# [What you have to do]
Please transcribe exactly the lines from the line holding "LE QUITO LA" through the end of the data below, and skip any pictures.

# [Material shown]
──────────

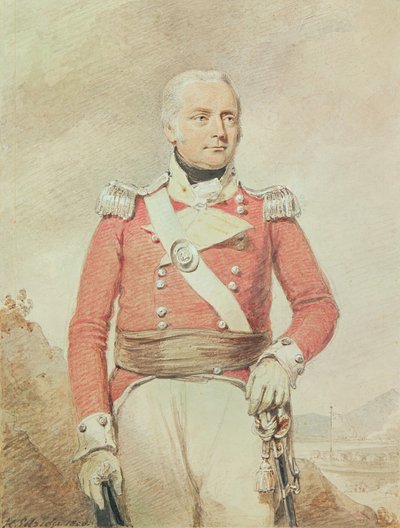Tümgeneral Patrick McKenzie, 1808 by Henry Edridge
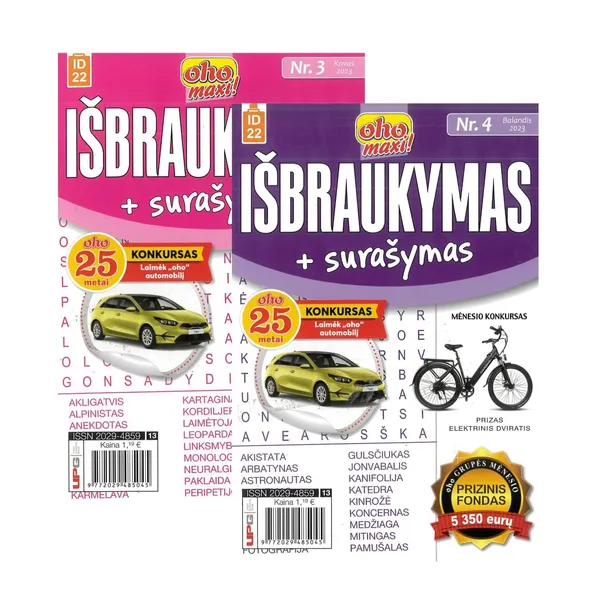 Žurnalas OHO GREITI. IŠBRAUKYMAS + SURAŠYMAS, 1 vnt.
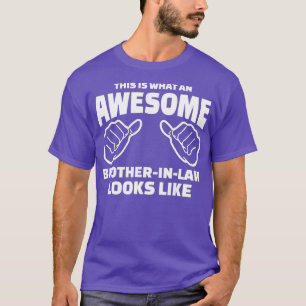 Camiseta Mens BrotherInLaw Dotou IrmãoInLaw Incrível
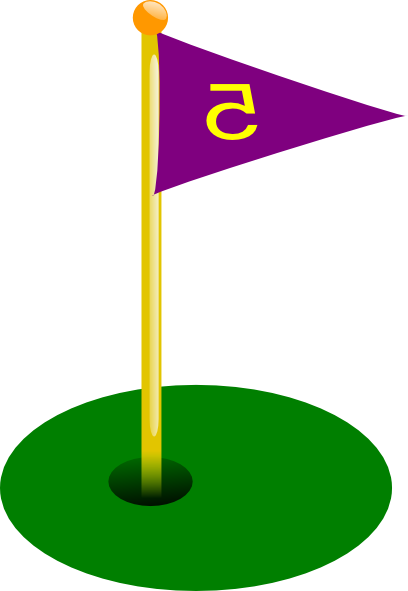 Golf Flag Clip Art - Golf (408x591)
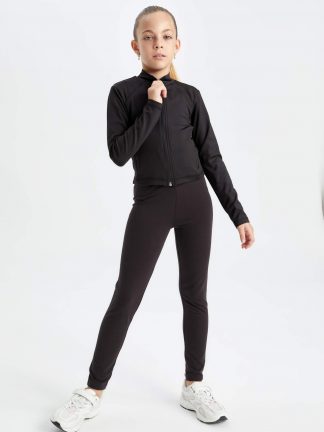 سویشرت دخترانه مشکی دفکتو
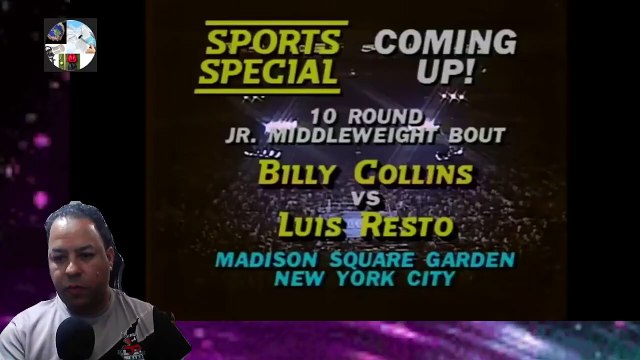 LE QUITO LA CORCHA A LOS GUANTES Y USO YESO EN LOS NUDILLOS Luis Resto vs Billy Collins Jr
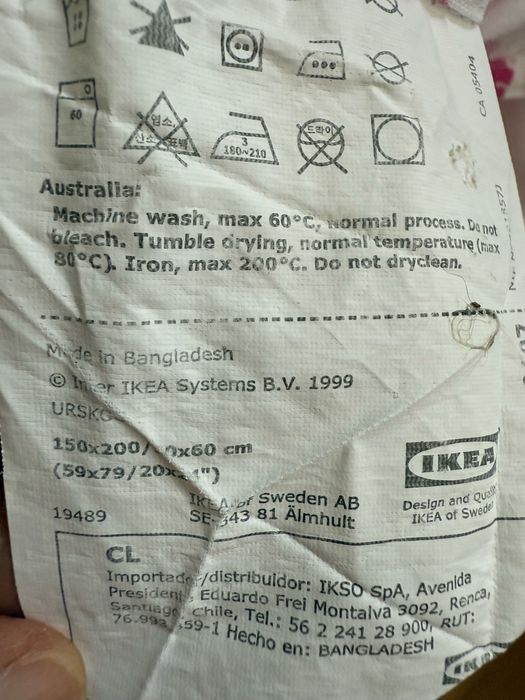 Conjunto capa de edredão e almofada IKEA442631389678161922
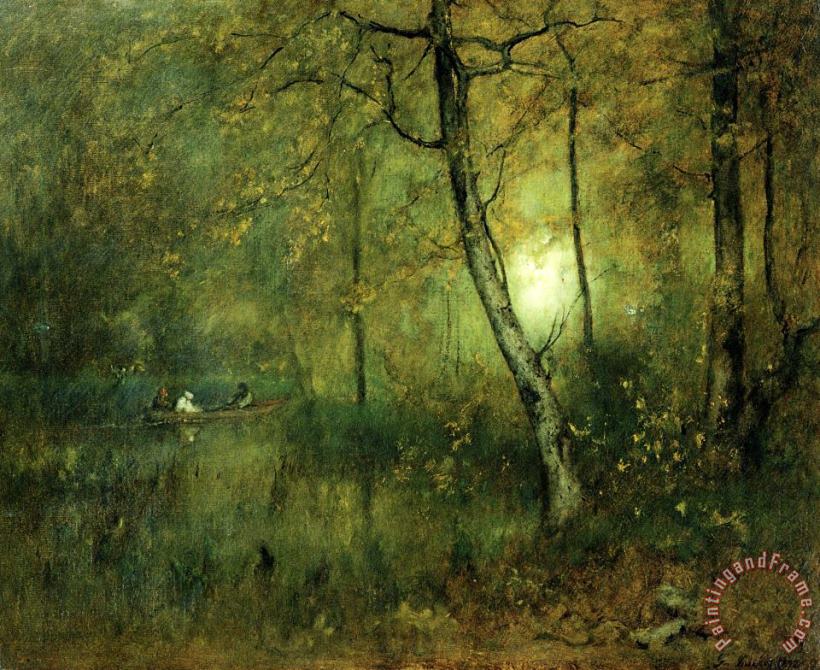 George Inness Pool in The Woods Art Painting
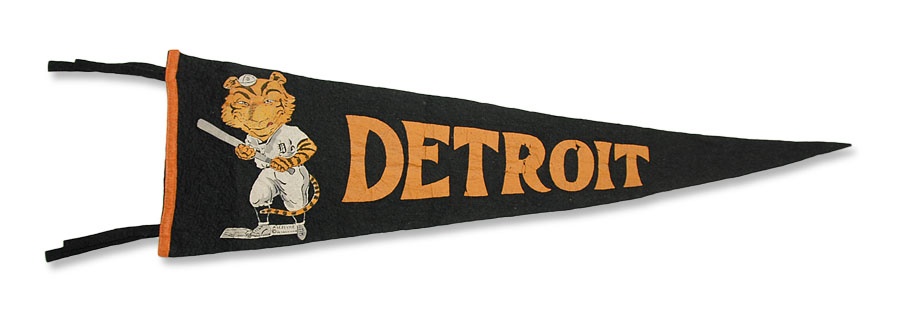 - 1910's Detroit Tigers Felt Pennant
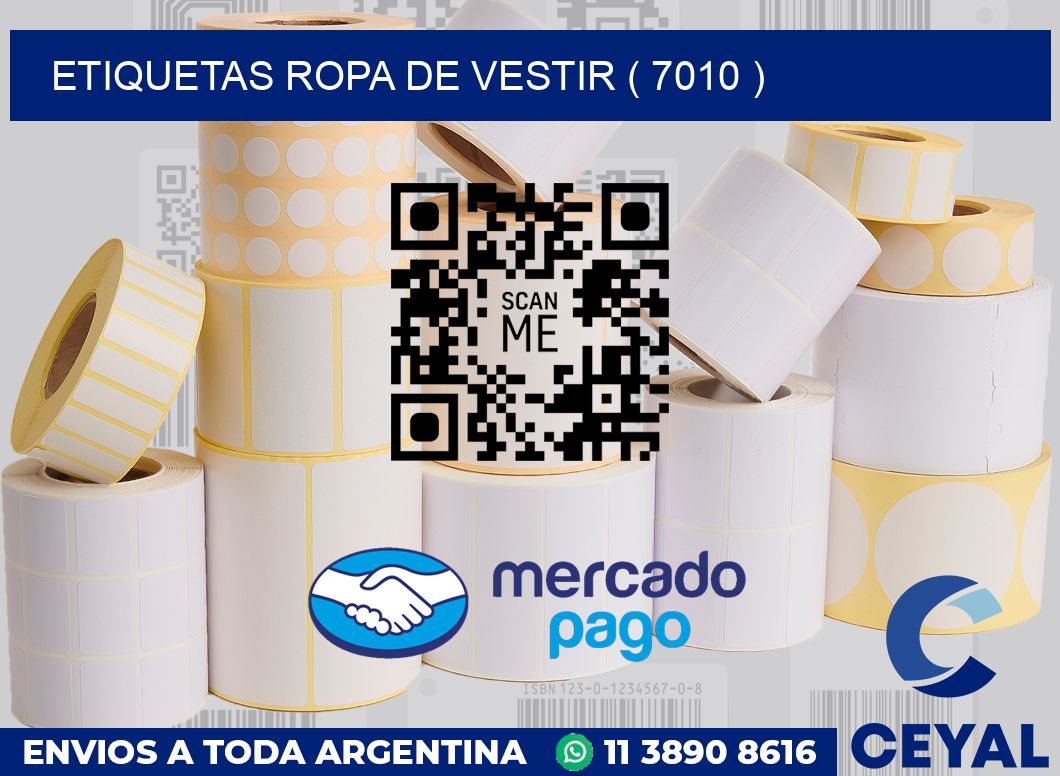 ETIQUETAS ROPA DE VESTIR ( 7010 )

──────────

# [Final answer]
 LE QUITO LA CORCHA A LOS GUANTES Y USO YESO EN LOS NUDILLOS Luis Resto vs Billy Collins Jr
 Conjunto capa de edredão e almofada IKEA442631389678161922
 George Inness Pool in The Woods Art Painting
 - 1910's Detroit Tigers Felt Pennant
 ETIQUETAS ROPA DE VESTIR ( 7010 )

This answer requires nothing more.